AI is Smart, Not Wise
Even with how impressive AI is (and believe you me, it is amazing), we cannot just assume that because the AI says it has done something we've asked it to do, it has actually done it. In fact, AI shares a characteristic with some of the smartest humans - it can claim to understand something even when it doesn't; hoping to figure it out later.
AI will always implement what it thinks you want done and will only come back to say "Hey, here's what I think. Is that right?" if you've built your prompt for it to do so. Especially when requesting an involved activity, how your prompts is structured and the order those requests are made within the prompt is key...though that can get complicated with how AI access is currently rationed, often on a per request basis.
The ease and interconnectivity many of the AI-enabled platforms provide make it easy to ask it for work then apply it without pausing - which is an even bigger threat. It's entirely too easy to get code back from Jarvis, hit apply, then move on to the next thing. Rinse, repeat. Fire, forget. Go, go, go…uh oh.
Always, always, always ensure you understand what it's doing before applying proposed changes, or your results may be "uncomfortable."
The AI might not even realize it's misunderstanding your request - it'll just forge ahead with what it believes you want.
Old school best practices still apply
Back in ancient times when I coded for a living, I'd have been working off of a sub-branch of a branch, carefully moving changes along as useful, testable chunks reached various stages. I'd never be directly working out of Main. These fundamental version control practices are more critical than ever in the age of AI.
It can be tough to make yourself do it; smart AIs like Jarvis are right so much of the time that it's just too easy to let them run and assume they've got it. While AI development tools continue to evolve, we're not yet at the point where we can abandon traditional best practices such as well structured version control.

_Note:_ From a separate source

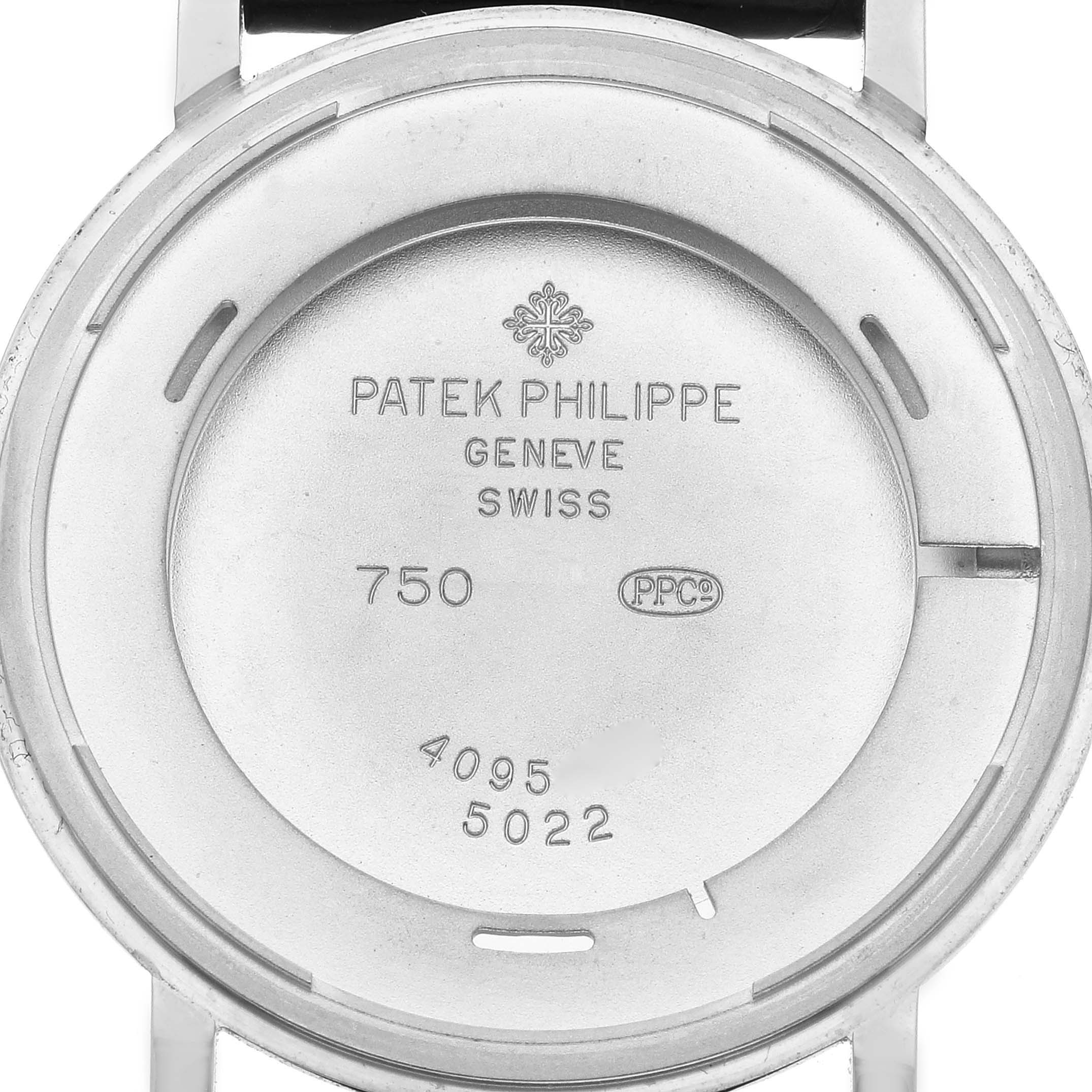 The image shows the back casing of a Patek Philippe Calatrava 5022G Men's White Gold Black Dial 5022G Men's White Gold Black Dial watch, focusing on the internal markings.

This is a common enough problem that Replit's new AI Agent actually makes checkpoints directly into Git for work it does - a feature enabled by default. While that does provide an extra safety net, it's still up to the human developer to manage these commits and be aware when potentially dangerous changes are being deployed.

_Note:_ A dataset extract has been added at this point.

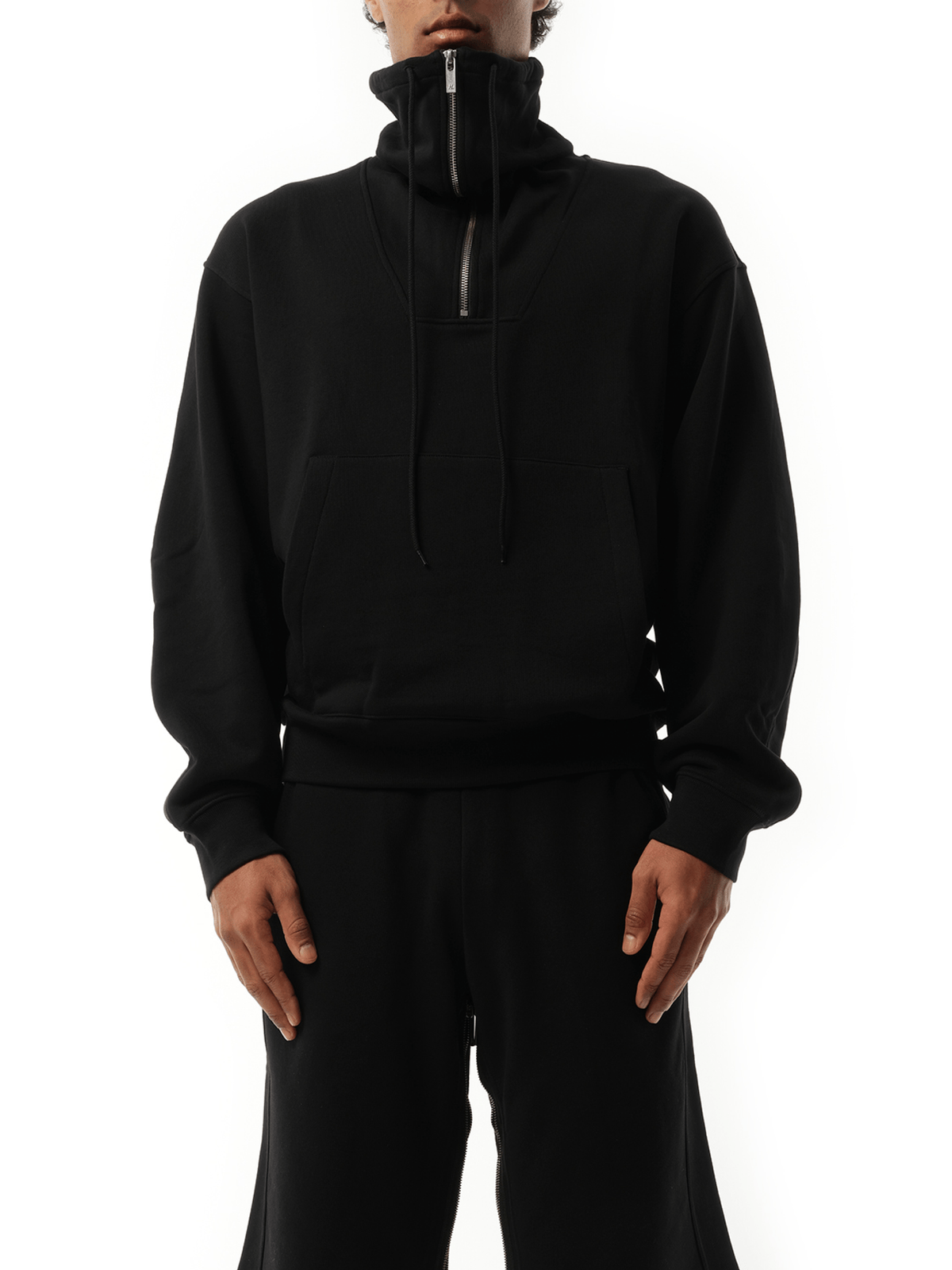 Image of a model wearing Outerwear. Product name - Funnel Neck Sweatshirt in Black colour by brand - HELMUT LANG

Don't Be an Idiot: Risk Management Basics
I'm not sure I'd have blown two weeks of work away had I:
- Undertaken the refactoring after a good night's sleep.
- Allocated an appropriate period of time for the work (without an impending deadline).
- Waited until the caffeine-to-blood ratio had been appropriately set.
It wasn't Jarvis's fault everything was screwed up; it was my own. Making the decision to perform a complex operation while in that state under those circumstances maximized the danger.
To put this in risk management terms: every action has both a probability of failure and a potential impact. For example, on a scale of 1-5:
- Probability of mistakes while coding tired, rushed, and uncaffeinated: 4
- Potential impact of making changes to my entire codebase: 5
- Total risk score: 20 out of 25 - a clear red flag
Had I actually done this calculation beforehand, this entire situation could have been avoided or at least minimized. But because the threat the situation posed or its potential impact wasn't taken into account I wiped out ~50 hours of work.
Conclusion
Lucky for me - this is a side project for my personal life. No customers were injured. No data destroyed. No jobs were put at risk. It is a valuable object lesson for all of us in this amazing, scary, fascinating, innovative world we are all stepping into.
And if it didn't come across clearly in the text - everything that occurred here was my fault. My tools worked impeccably. Learn from my mistakes, please.
In case you’re curious - I’ve rebuilt the side project. I have the technology. I built it back better than it was. Better, stronger, faster.
Thank you for coming to my Ted talk.